[FFmpeg-devel] [PATCH v2 2/9] lavc/ccaption_dec: implement real_time option

Wed Jan 13 09:48:36 CET 2016

On 13 January 2016 7:12:53 AM IST, Aman Gupta <ffmpeg at tmm1.net> wrote:
>From: Aman Gupta <aman at tmm1.net>
>
>This new mode is useful for realtime decoding of closed captions so
>they
>can be display along with mpeg2 frames.
>
>Closed caption streams contain two major types of captions:
>
>- POPON captions, which are buffered off-screen and displayed
>  only after EOC (end of caption, aka display buffer)
>
>- PAINTON/ROLLUP captions, which are written to the display as soon as
>  they arrive.
>
>In a typical real-time eia608 decoder, commands like EOC (end of
>caption; display buffer), EDM (erase display memory) and EBM (erase
>buffered memory) perform their expected functions as soon as the
>commands are processed. This is implemented in the real_time branches
>added in this commit.
>
>Before this commit, and in the !real_time branches after this commit,
>the decoder cleverly implements its own version of the decoder which is
>specifically geared towards buffered decoding. It does so by actively
>ignoring commands like EBM (erase buffered memory), and then re-using
>the non-display buffer to hold the previous caption while the new one
>is
>received. This is the opposite of the real-time decoder, which uses the
>non-display buffer to hold the new caption while the display buffer is
>still showing the current caption.
>
>In addition to ignoring EBM, the buffered decoder also has custom
>implementations for EDM and EOC. An EDM (erase display memory) command
>flushes the existing contents before clearing the screen, and EOC
>similarly always flushes the active buffer (the previous subtitle)
>before flipping buffers.
>---
>libavcodec/ccaption_dec.c | 80
>++++++++++++++++++++++++++++++++++++++++++-----
> 1 file changed, 72 insertions(+), 8 deletions(-)
>
>diff --git a/libavcodec/ccaption_dec.c b/libavcodec/ccaption_dec.c
>index a9dfc94..6bdd754 100644
>--- a/libavcodec/ccaption_dec.c
>+++ b/libavcodec/ccaption_dec.c
>@@ -116,6 +116,7 @@ struct Screen {
> 
> typedef struct CCaptionSubContext {
>     AVClass *class;
>+    int real_time;
>     struct Screen screen[2];
>     int active_screen;
>     uint8_t cursor_row;
>@@ -130,6 +131,8 @@ typedef struct CCaptionSubContext {
>     /* visible screen time */
>     int64_t startv_time;
>     int64_t end_time;
>+    int screen_touched;
>+    int64_t last_real_time;
>     char prev_cmd[2];
>     /* buffer to store pkt data */
>     AVBufferRef *pktbuf;
>@@ -428,15 +431,33 @@ static void handle_edm(CCaptionSubContext *ctx,
>int64_t pts)
> {
>     struct Screen *screen = ctx->screen + ctx->active_screen;
> 
>-    reap_screen(ctx, pts);
>+    // In buffered mode, keep writing to screen until it is wiped.

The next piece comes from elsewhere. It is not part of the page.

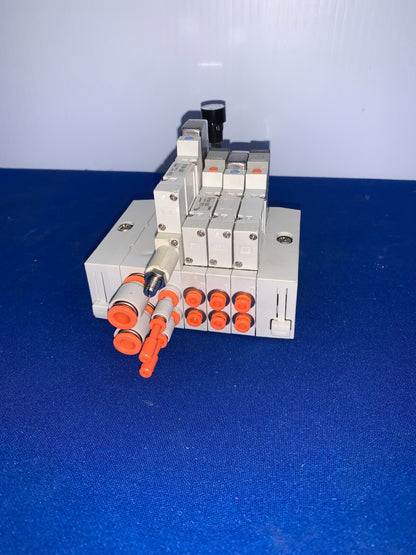 ELETTROVALVOLA SMC ARBY3000-06-P-2-X1 CON 3 SY3140-5LOZ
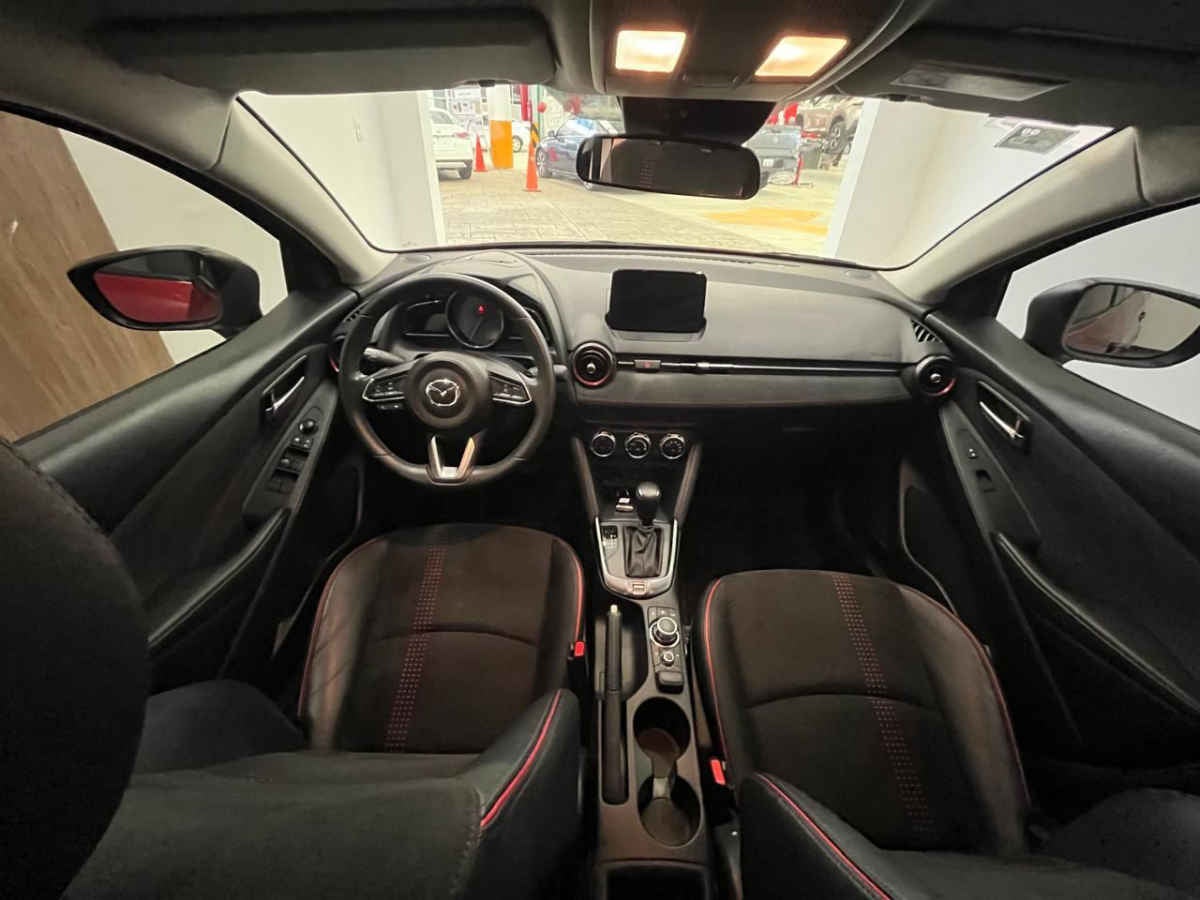 2024 Mazda Mazda 2 4p Signature L4/2.0 Aut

>+    // Before wiping the display, capture contents to emit subtitle.
>+    if (!ctx->real_time)
>+        reap_screen(ctx, pts);
>+
>     screen->row_used = 0;
>+
>+    // In realtime mode, emit an empty caption so the last one doesn't
>+    // stay on the screen.
>+    if (ctx->real_time)
>+        reap_screen(ctx, pts);
> }
> 
> static void handle_eoc(CCaptionSubContext *ctx, int64_t pts)
> {
>-    handle_edm(ctx,pts);
>+    // In buffered mode, we wait til the *next* EOC and
>+    // reap what was already on the screen since the last EOC.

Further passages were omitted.